## Exercise directions
From the data below, return each line in which the string "Recipes" is found.

## Recorded information
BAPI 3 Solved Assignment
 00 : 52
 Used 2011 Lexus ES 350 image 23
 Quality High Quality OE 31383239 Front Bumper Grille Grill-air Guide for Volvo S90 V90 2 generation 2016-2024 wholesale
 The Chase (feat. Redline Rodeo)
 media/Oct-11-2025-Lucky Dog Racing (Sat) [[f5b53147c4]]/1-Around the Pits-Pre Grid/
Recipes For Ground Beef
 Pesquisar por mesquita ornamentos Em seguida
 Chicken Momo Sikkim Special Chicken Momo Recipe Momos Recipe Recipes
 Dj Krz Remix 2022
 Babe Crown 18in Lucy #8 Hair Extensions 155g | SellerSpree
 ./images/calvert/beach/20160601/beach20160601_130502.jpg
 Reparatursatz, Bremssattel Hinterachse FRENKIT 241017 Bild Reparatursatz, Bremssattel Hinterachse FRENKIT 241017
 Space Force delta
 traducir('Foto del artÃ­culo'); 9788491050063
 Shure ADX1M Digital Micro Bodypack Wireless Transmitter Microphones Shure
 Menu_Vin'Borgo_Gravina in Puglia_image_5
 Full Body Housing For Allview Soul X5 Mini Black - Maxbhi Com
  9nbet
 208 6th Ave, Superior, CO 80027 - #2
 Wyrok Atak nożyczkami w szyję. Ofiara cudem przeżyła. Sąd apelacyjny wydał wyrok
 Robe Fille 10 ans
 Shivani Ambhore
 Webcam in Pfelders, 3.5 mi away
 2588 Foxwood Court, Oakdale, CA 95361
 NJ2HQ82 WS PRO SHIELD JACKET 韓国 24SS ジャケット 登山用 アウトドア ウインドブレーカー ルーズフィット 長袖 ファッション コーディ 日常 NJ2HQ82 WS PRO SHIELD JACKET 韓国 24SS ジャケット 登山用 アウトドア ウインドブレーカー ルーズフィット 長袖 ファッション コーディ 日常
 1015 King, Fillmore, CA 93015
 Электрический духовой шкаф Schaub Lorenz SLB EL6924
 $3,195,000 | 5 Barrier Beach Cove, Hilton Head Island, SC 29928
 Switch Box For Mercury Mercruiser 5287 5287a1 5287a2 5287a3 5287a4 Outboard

## Answer to the exercise
Recipes For Ground Beef
 Chicken Momo Sikkim Special Chicken Momo Recipe Momos Recipe Recipes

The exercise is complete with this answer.